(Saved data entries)
------------------------------
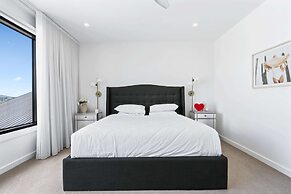 Deluxe 4-bed Home With Pool & Fire Pit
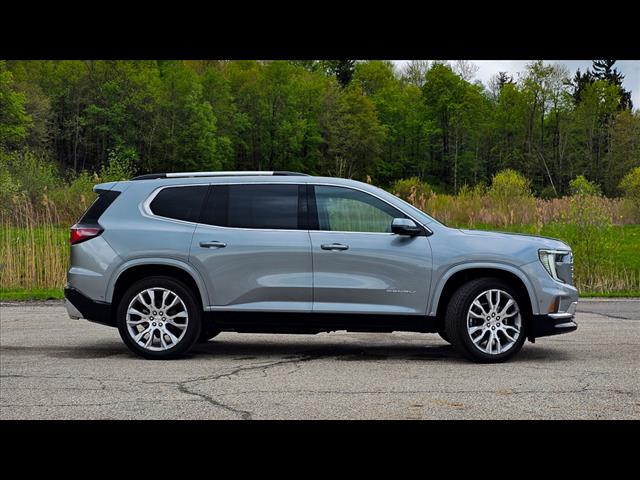 2025 GMC Acadia Denali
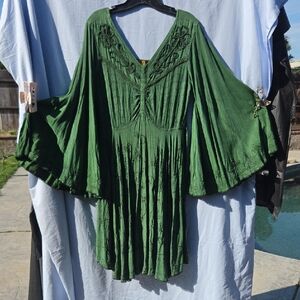 Sakkas Emerald Green Boho V-Neck Tunic with Bell Sleeves Size S/M Renaissance?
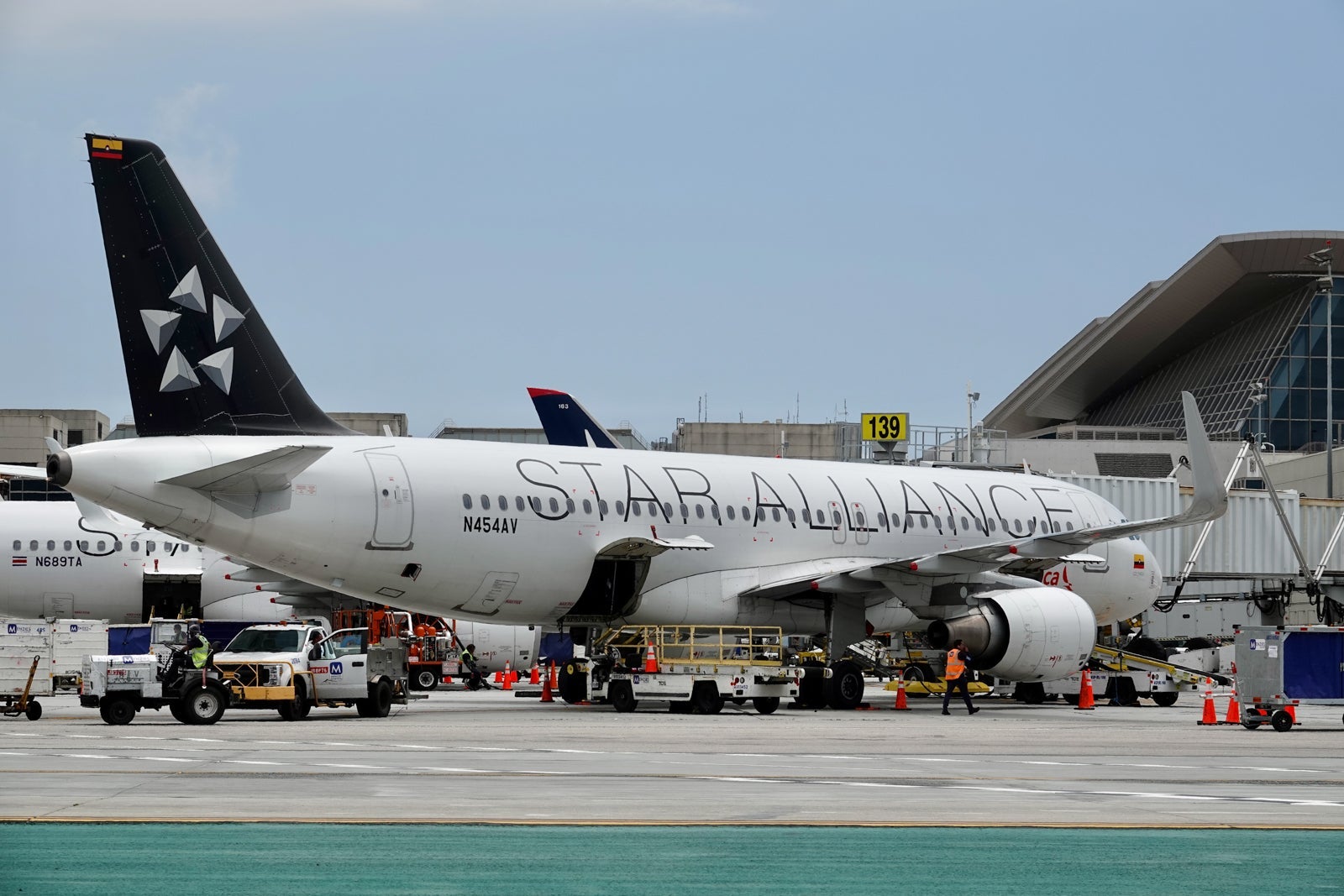 Star Alliance Livery Airbus A320 Avianca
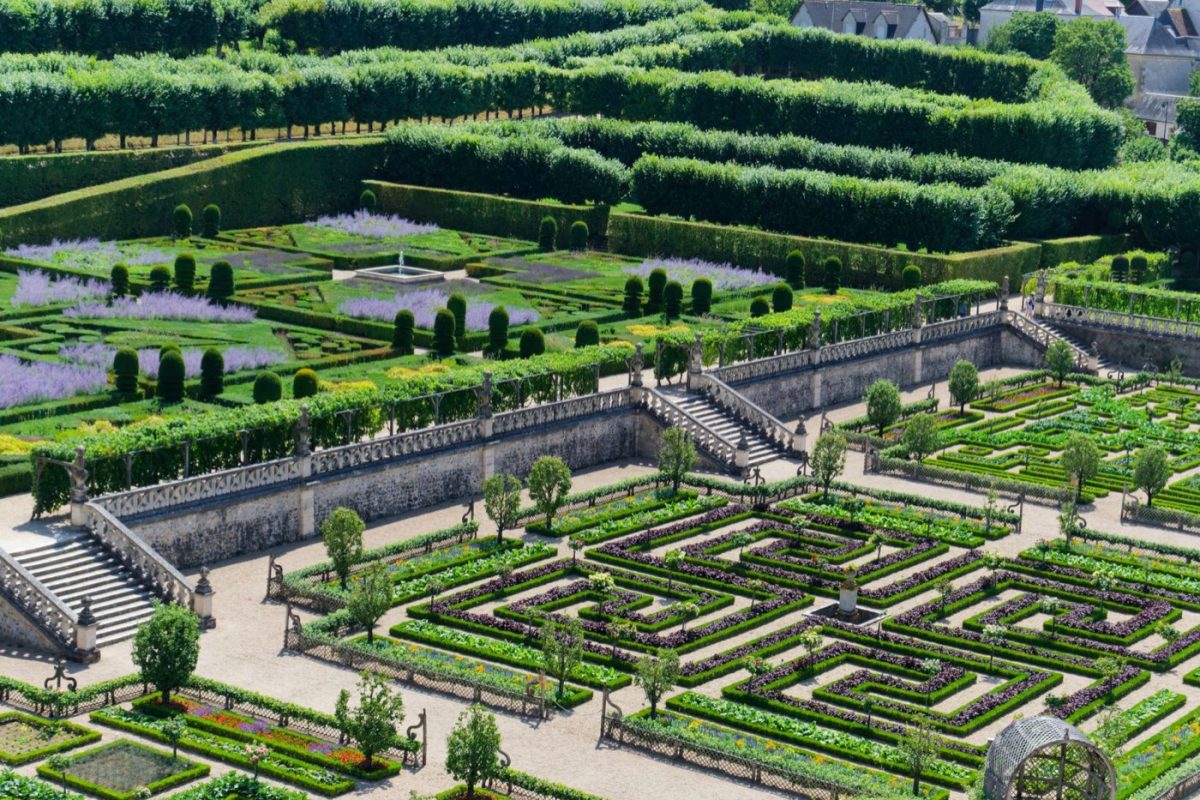 Jardin à la française ou jardin à l'anglaise — comparatif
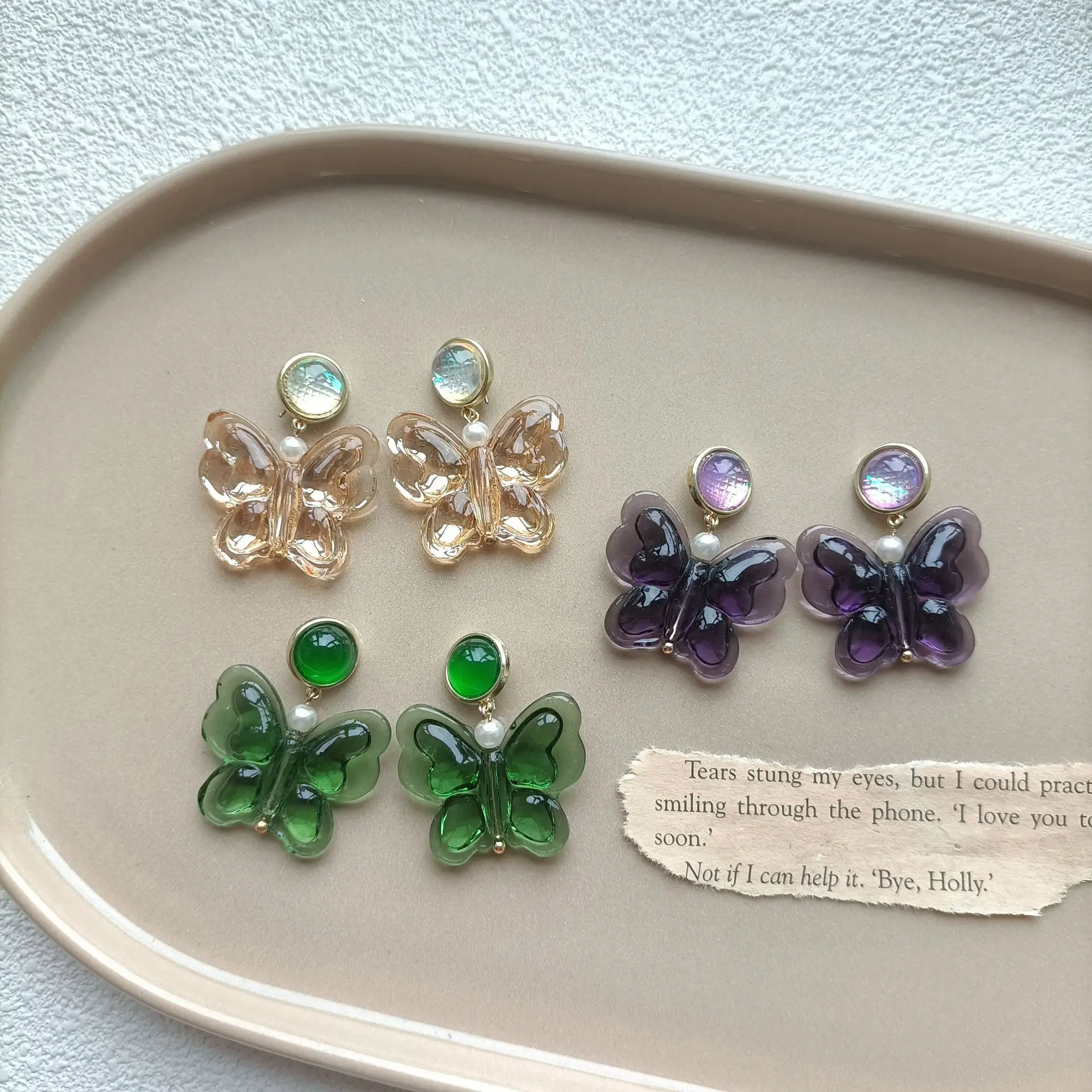 Glass Butterfly Earrings Colorful Butterfly Pendant Elegant Earrings Women Girls Korean Style Jewelry Sweet Summer Accessories
Glass Butterfly Earrings Colorful Butterfly Pendant Elegant Earrings Women Girls Korean Style Jewelry Sweet Summer Accessories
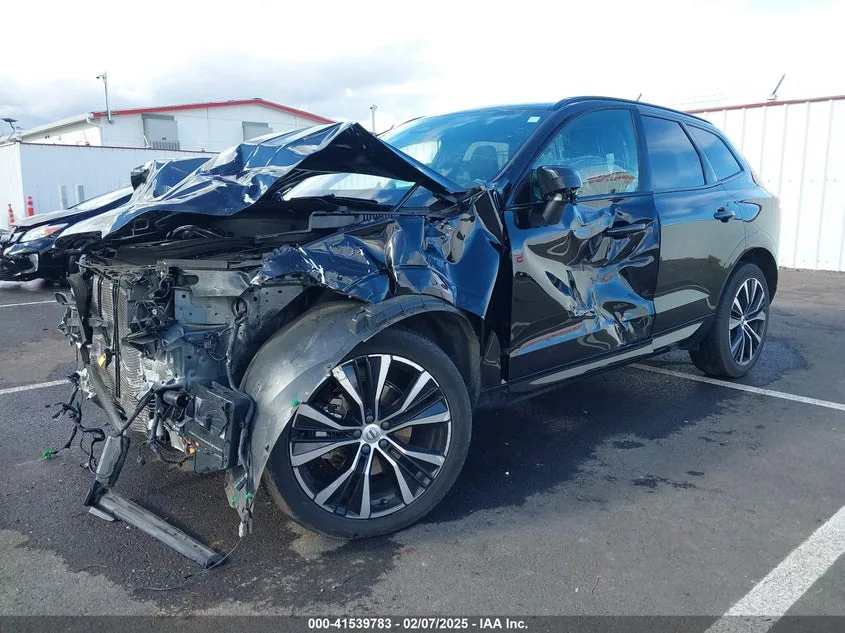 YV4L12RX8P1352363 — 2023 VOLVO XC60 photo 6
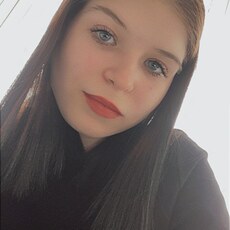 Фотография девушки Полина, 18 лет из г. Североморск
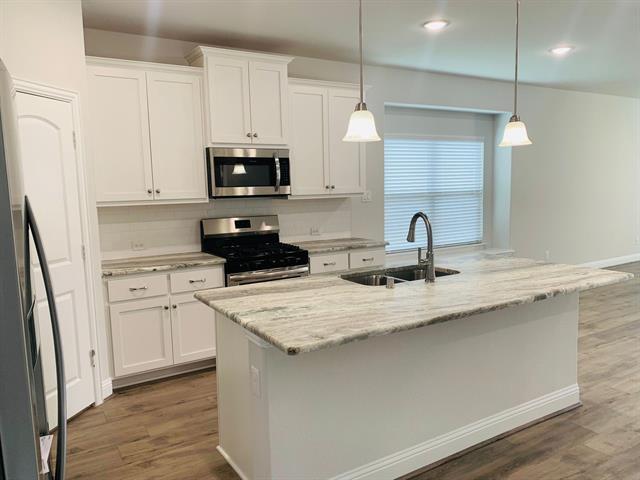 Foto del edificio - 7804 Cottonwood Dr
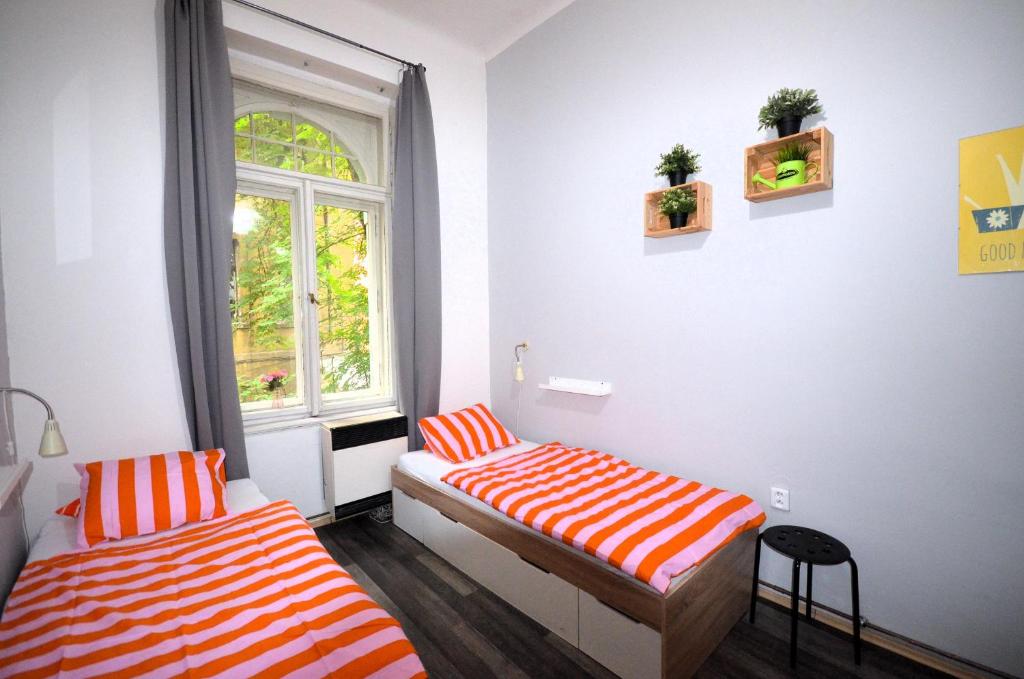 Postel nebo postele na pokoji v ubytování Travel&Joy backpackers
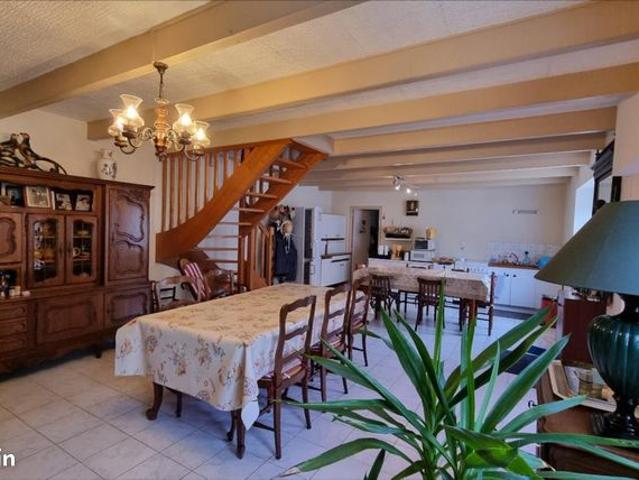 Maison vente à Guingamp, Bretagne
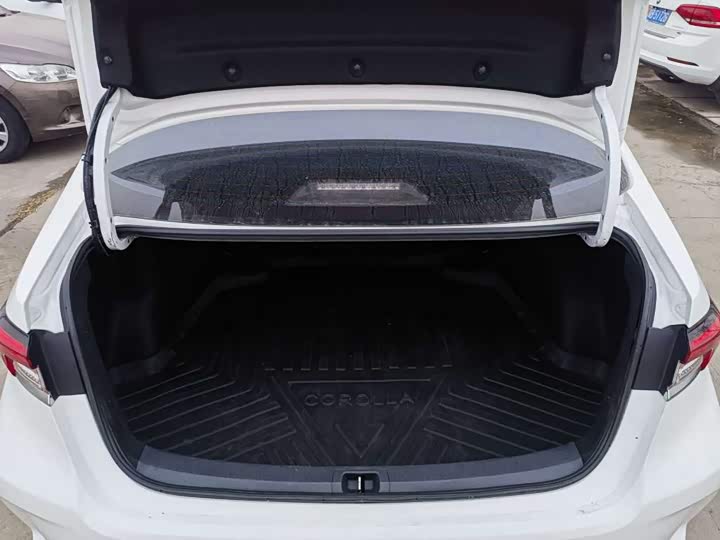 Фото 8 - Toyota Corolla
------------------------------
Task prompt:
Reproduce the lines from the one holding "Postel nebo postele" through the end of the entries above exactly, keeping both ends and dropping every picture.

Answer:
 Postel nebo postele na pokoji v ubytování Travel&Joy backpackers
 Maison vente à Guingamp, Bretagne
 Фото 8 - Toyota Corolla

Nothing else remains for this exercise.